======== DATA PROVIDED

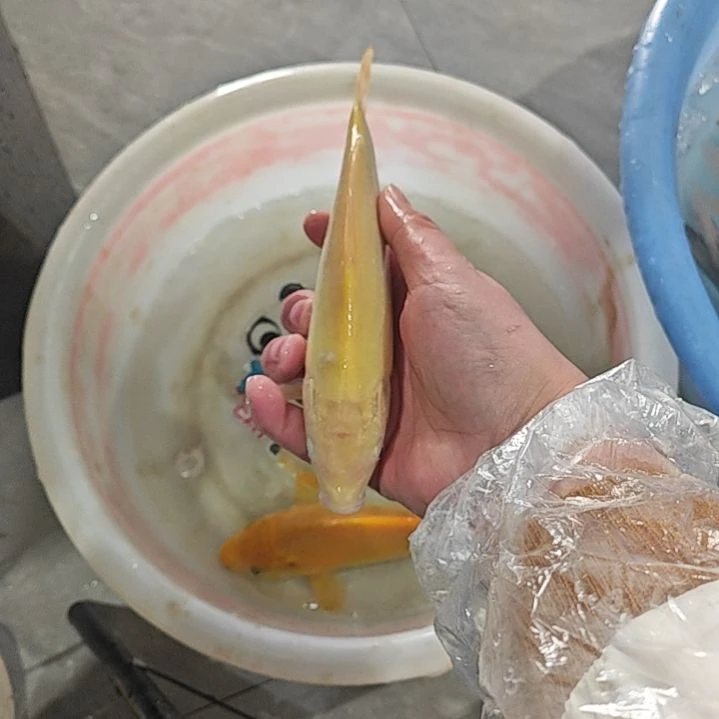 锦鲤芥子小溪血统锦鲤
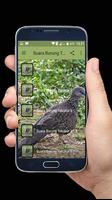 برنامه‌نما Suara Burung Tekukur MP3 عکس از صفحه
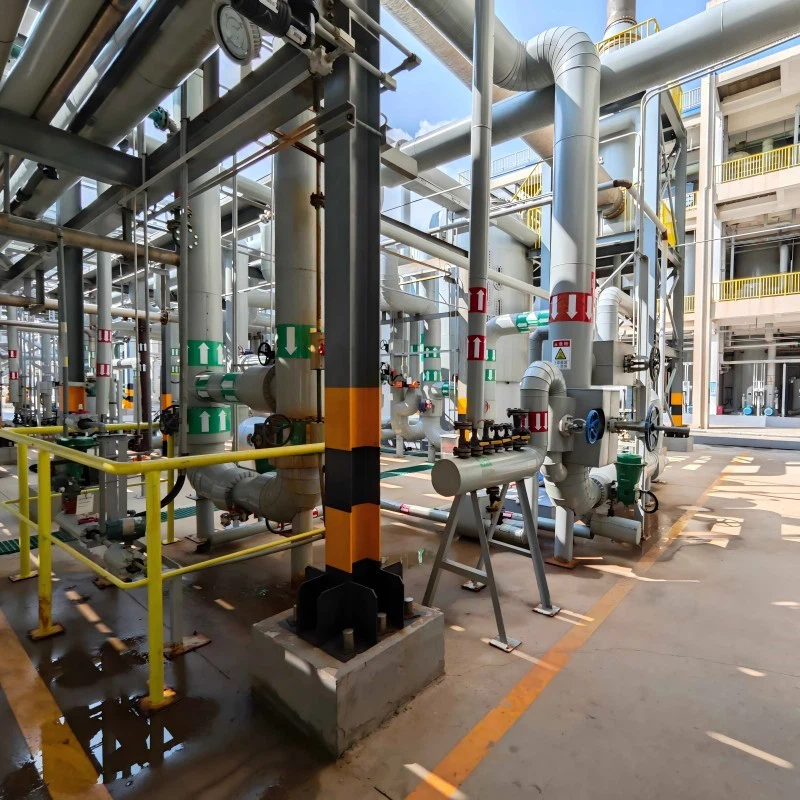 news-800-800 news-800-800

================

TO DO :: In your answer, copy exactly the lines running from the line with "برنامه‌نما Suara Burung" to the end of the material above, both included, and omit all pictures.

RESPONSE TO THE TASK ::
 برنامه‌نما Suara Burung Tekukur MP3 عکس از صفحه
 news-800-800 news-800-800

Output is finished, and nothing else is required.